◆ **WHAT TO WORK ON**: Please return the full listing. Every line must match exactly.

◆ **EXTRACTED DATA**:
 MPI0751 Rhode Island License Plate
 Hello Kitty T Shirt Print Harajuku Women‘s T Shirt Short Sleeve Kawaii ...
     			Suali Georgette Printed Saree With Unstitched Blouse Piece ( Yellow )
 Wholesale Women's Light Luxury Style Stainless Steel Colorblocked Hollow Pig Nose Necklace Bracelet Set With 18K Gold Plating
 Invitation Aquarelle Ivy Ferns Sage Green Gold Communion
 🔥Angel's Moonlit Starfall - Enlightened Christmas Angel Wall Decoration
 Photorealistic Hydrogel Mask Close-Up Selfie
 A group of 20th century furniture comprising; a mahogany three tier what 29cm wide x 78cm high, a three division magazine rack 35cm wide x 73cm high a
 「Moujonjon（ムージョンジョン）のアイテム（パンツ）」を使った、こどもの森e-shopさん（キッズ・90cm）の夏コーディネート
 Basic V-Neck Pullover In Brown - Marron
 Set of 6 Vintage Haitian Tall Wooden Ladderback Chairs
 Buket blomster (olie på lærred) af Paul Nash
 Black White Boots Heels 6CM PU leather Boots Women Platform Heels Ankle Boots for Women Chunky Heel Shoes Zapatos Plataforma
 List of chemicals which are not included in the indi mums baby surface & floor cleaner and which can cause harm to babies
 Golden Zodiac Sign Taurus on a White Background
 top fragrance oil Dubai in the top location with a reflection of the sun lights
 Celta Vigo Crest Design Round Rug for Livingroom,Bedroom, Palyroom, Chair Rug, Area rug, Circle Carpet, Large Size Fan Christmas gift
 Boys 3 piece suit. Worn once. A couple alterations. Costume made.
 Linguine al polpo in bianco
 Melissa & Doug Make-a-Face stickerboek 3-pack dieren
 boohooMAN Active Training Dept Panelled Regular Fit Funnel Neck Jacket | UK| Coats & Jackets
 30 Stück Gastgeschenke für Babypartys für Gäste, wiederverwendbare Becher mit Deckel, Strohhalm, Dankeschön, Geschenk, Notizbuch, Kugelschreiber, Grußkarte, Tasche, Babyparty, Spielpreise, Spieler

◆ **EXERCISE ANSWER**:
 MPI0751 Rhode Island License Plate
 Hello Kitty T Shirt Print Harajuku Women‘s T Shirt Short Sleeve Kawaii ...
     			Suali Georgette Printed Saree With Unstitched Blouse Piece ( Yellow )
 Wholesale Women's Light Luxury Style Stainless Steel Colorblocked Hollow Pig Nose Necklace Bracelet Set With 18K Gold Plating
 Invitation Aquarelle Ivy Ferns Sage Green Gold Communion
 🔥Angel's Moonlit Starfall - Enlightened Christmas Angel Wall Decoration
 Photorealistic Hydrogel Mask Close-Up Selfie
 A group of 20th century furniture comprising; a mahogany three tier what 29cm wide x 78cm high, a three division magazine rack 35cm wide x 73cm high a
 「Moujonjon（ムージョンジョン）のアイテム（パンツ）」を使った、こどもの森e-shopさん（キッズ・90cm）の夏コーディネート
 Basic V-Neck Pullover In Brown - Marron
 Set of 6 Vintage Haitian Tall Wooden Ladderback Chairs
 Buket blomster (olie på lærred) af Paul Nash
 Black White Boots Heels 6CM PU leather Boots Women Platform Heels Ankle Boots for Women Chunky Heel Shoes Zapatos Plataforma
 List of chemicals which are not included in the indi mums baby surface & floor cleaner and which can cause harm to babies
 Golden Zodiac Sign Taurus on a White Background
 top fragrance oil Dubai in the top location with a reflection of the sun lights
 Celta Vigo Crest Design Round Rug for Livingroom,Bedroom, Palyroom, Chair Rug, Area rug, Circle Carpet, Large Size Fan Christmas gift
 Boys 3 piece suit. Worn once. A couple alterations. Costume made.
 Linguine al polpo in bianco
 Melissa & Doug Make-a-Face stickerboek 3-pack dieren
 boohooMAN Active Training Dept Panelled Regular Fit Funnel Neck Jacket | UK| Coats & Jackets
 30 Stück Gastgeschenke für Babypartys für Gäste, wiederverwendbare Becher mit Deckel, Strohhalm, Dankeschön, Geschenk, Notizbuch, Kugelschreiber, Grußkarte, Tasche, Babyparty, Spielpreise, Spieler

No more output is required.